Dataset extract >>

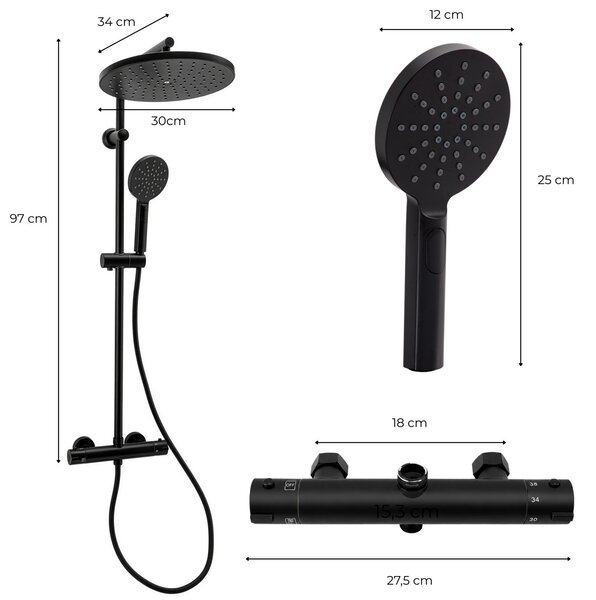 Erga Dubai, zuhanyszett termosztátos keverőcsappal és 30 cm-es fejzuhannyal, matt fekete, ERG-YKA-BP.DUBAJ-THERM-30-BLK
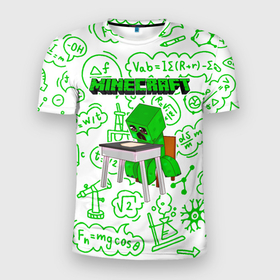 Мужская футболка 3D Slim с принтом Крипер ученик Minecraft в Санкт-Петербурге, 100% полиэстер с улучшенными характеристиками | приталенный силуэт, круглая горловина, широкие плечи, сужается к линии бедра | minecraft | алекс | белый | блоки | ведьма | взрывчатка | визера | волк | гаст | добывать | дракон | зеленый куб | зомби | игра | крафт | крипер | кубики | лошадка | майн | майнкрафт | манкрафт | овечка | оцелот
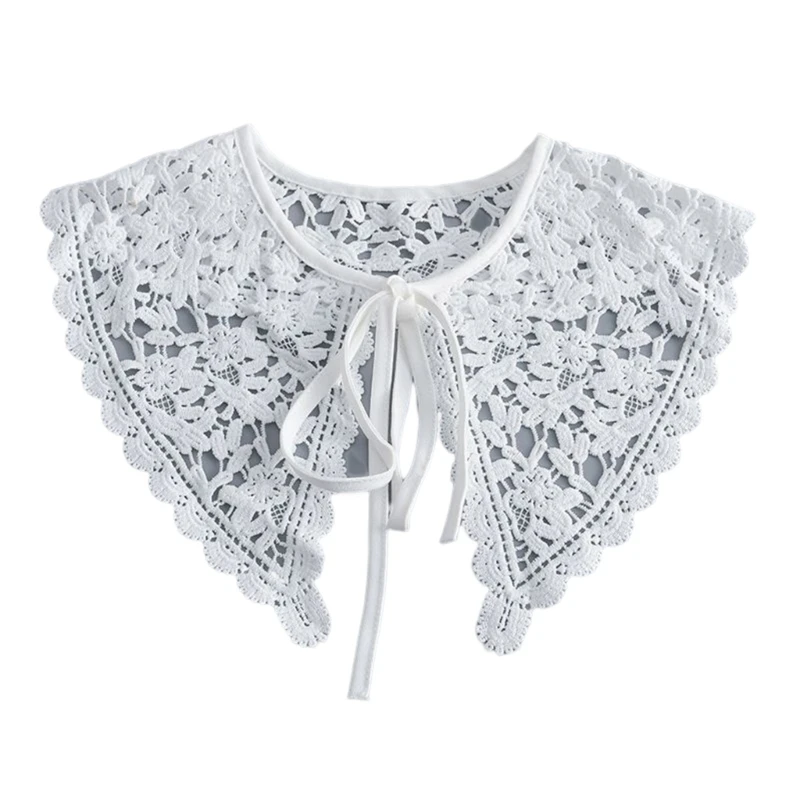 

Multifunctional Embroidery Floral Lace Detachable Faux Collar Shawl Wrap for Women Ribbon Necklace Lightweight Capelet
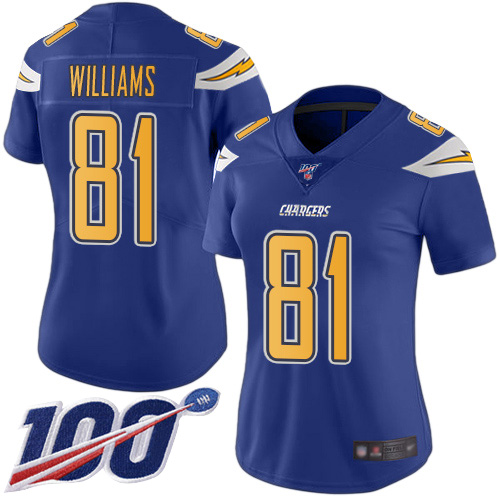 Los Angeles Chargers #81 Mike Williams Electric Blue Women's Stitched Limited Rush 100th Season Jersey Womens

Exercise directions >> To complete the exercise, return the listing above exactly and omit its pictures.

Response >>
 Erga Dubai, zuhanyszett termosztátos keverőcsappal és 30 cm-es fejzuhannyal, matt fekete, ERG-YKA-BP.DUBAJ-THERM-30-BLK
 Мужская футболка 3D Slim с принтом Крипер ученик Minecraft в Санкт-Петербурге, 100% полиэстер с улучшенными характеристиками | приталенный силуэт, круглая горловина, широкие плечи, сужается к линии бедра | minecraft | алекс | белый | блоки | ведьма | взрывчатка | визера | волк | гаст | добывать | дракон | зеленый куб | зомби | игра | крафт | крипер | кубики | лошадка | майн | майнкрафт | манкрафт | овечка | оцелот

Multifunctional Embroidery Floral Lace Detachable Faux Collar Shawl Wrap for Women Ribbon Necklace Lightweight Capelet
 Los Angeles Chargers #81 Mike Williams Electric Blue Women's Stitched Limited Rush 100th Season Jersey Womens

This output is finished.